Clinton’s campaign now pivots to the general election against Donald Trump, the Republican Party’s presumptive nominee. But her rival in the Democratic primaries, Sen. Bernie Sanders of Vermont, has yet to drop out of the race, and has vowed to take his fight for the nomination all the way to the party’s convention in Philadelphia next month.
Clinton maintains a substantial lead over Sanders in the primary popular vote and in pledged delegates toward the nomination. Paired with enough superdelegates who have voiced their support for Clinton to reach the party’s nomination threshold, several US media outlets declared her the presumptive Democratic nominee on Monday night.
“This election is different,” Clinton said. “It really is about who we are as a nation. It’s about millions of Americans coming together to say, we are better than this. We won’t let this happen in America.”
“And if you agree,” she continued, “whether you are a Democrat, Republican or Independent, I hope you will join us.”
Clinton also harshly attacked Trump for using divisive rhetoric that belittled women, Muslims and immigrants. She took specific aim at his condemnation of an Indiana-born judge of whose parents emigrated from Mexico.

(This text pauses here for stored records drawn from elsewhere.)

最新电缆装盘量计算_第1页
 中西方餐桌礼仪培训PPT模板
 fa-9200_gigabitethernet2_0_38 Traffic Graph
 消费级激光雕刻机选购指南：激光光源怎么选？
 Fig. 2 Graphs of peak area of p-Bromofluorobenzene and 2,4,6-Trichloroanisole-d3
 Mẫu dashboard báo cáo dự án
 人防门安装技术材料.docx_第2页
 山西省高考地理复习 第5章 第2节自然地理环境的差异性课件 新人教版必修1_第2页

“The stakes in this election are high and the choice is clear. Donald Trump is temperamentally unfit to be president and commander-in-chief,” Clinton said. “When Donald Trump says a distinguished judge born in Indiana can’t do his job because of his Mexican heritage, or he mocks a reporter with disabilities, or calls women pigs, it goes against everything we stand for,” she said.
Clinton edged Sanders out in a rough and tumble battle that stretched over four months and 50 states. She won support, especially among older voters, with a more pragmatic campaign focused on building on the policies of her fellow Democrat President Barack Obama.
Obama called both Clinton and Sanders on Tuesday. The White House said he congratulated her on securing the delegates necessary to clinch the nomination and would meet with Sanders on Thursday at Sanders’s request.